Fin dai tempi di Aristofane la satira parla di sesso, politica, religione e morte.
A dirlo è Daniele Luttazzi che, però, dimentica un quinto argomento da lui spesso tirato in ballo nei suoi show sia in teatro che in tv: la merda. Ed è proprio la coprolalia (il parlare di feci) ad aver indotto La7 a sospendere la trasmissione delle puntate del Decameron , o almeno così sembra. Infatti in un monologo il comico romagnolo ha evocato la scena del suo collega di rete, Giuliano Ferrara, coconduttore di Otto e Mezzo, adagiato in una vasca da bagno e coperto di feci da Berlusconi, Previti e Dellutri.
L'attore e musicista, in un'intervista a Repubblica, adombra l'ipotesi che la sospensione del programma sarebbe dovuta a una puntata registrata, ma ancora non andata in onda, dedicata all’ultima enciclica papale.

È la terza epurazione, questa, per Luttazzi.
Lla prima volta nel 1989. Quando, nella trasmissione “Fate il vostro gioco”, di Rai 2, prese di mira il partito Socialista, Fu bandito dalla tv pubblica fino al 1994. Sempre nel 1989 anche Tele Montecarlo censurò Luttazzi, proibendo la messa in onda di due interviste impossibili: Luttazzi intervista Gesù e Luttazzi intervista Hitler.
Ma l’epurazione più famosa è quella del 18 aprile 2002, entrata nella storia col nome di "editto bulgaro": da Sofia, l’allora premier Silvio Berlusconi aveva infatti intimato di cacciare dalla Rai i giornalisti Enzo Biagi e Michele Santoro e, per l’appunto, il comico Daniele Fabbri, in arte Luttazzi.

Una lunga storia
La vicenda che in questi giorni coinvolge l’attore romagnolo, quindi, non è che l’ultimo esempio di censura della satira in tv: come non ricordare il programma Raiot, di Sabina Guzzanti, che doveva esser trasmesso da Rai 3 e di cui andò in onda una solaserata, il 16 dicembre 2003: “Armi di distrazione di massa”, era il titolo di una puntata che parlava di informazione e disinformazione. Un’altra vittima illustre di censura televisiva è stato Beppe Grillo che, nel 1986, nel varietà del sabato sera “Fantastico”, accusò Bettino Craxi – allora presidente del Consiglio – e tutto il suo partito, il Psi, di essere dei ladri. E Craxi, sedici anni prima del suo amico e in questo caso omologo Silvio Berlusconi, ostracizzò Grillo dalla Rai. Il comico genovese poté tornare sulla tv pubblica solo nel 1993, in piena tangentopoli, con lo spettacolo “Beppe Grillo Show”.

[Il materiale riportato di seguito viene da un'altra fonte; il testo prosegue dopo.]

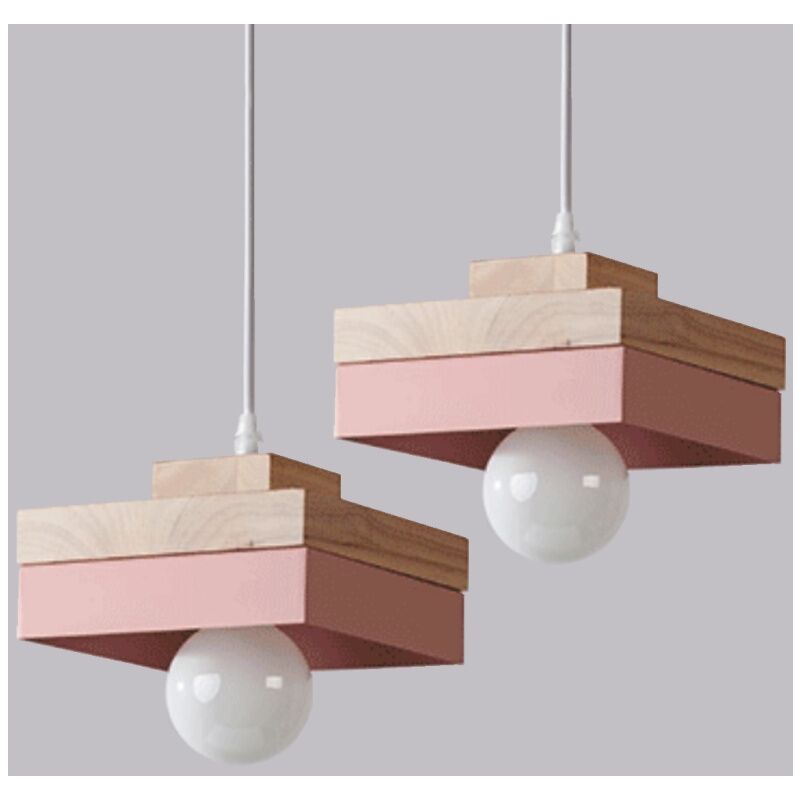 foto del prodotto lampadario da sospensione moderno lampada da sospensione metallo legno lustro soffitto regolabile rosa 2 pezzi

Tornando indietro con gli anni, nel 1959 viene sospesa la trasmissione “Un due tre” di Ugo Tognazzi e Raimondo Vianello per le loro battute sul presidente della Repubblica Giovanni Gronchi. Nel 1960 è la volta di Enzo Tortora, che subisce ostracismo decennale perché - in una sua trasmissione - l'imitatore Alighiero Noschese si accanisce sul democristiano Amintore Fanfani. E nel 1962 Dario Fo e Franca Rame si ritirano da “Canzonissima. Il futuro premio Nobel per la letteratura raccontava ai dirigenti Rai come fosse possibile, nella totalitaria Polonia, prendere in giro il Primo Ministro Gomulka e loro, per tutta risposta, gli assicuravano che anche lui poteva prendersi gioco del premier di Varsavia. Ma a irritare i vertici di Viale Mazzini e a farli optare per la censura delle scene di Fo e della Rame, fu un’altra esibizione in cui l’attore milanese satireggiava gli imprenditori edili e la loro spregiudicatezza riguardo le morti sul lavoro. Ma nella tv di Ettore Bernabei si agiva anche vietando l’utilizzo di certe parole: banditi i termini amante, parto, vizio, verginità, talamo,alcova, amplesso, membro del parlamento, in seno alla commissione. Anche le canzoni, negli anni ’60, subivano censura: un esempio su tutti è “Carlo Martello ritorna dalla battaglia di Poitier”, scritta da Fabrizio De Andrè e Paolo Villaggio, in cui compariva la parola “puttane”.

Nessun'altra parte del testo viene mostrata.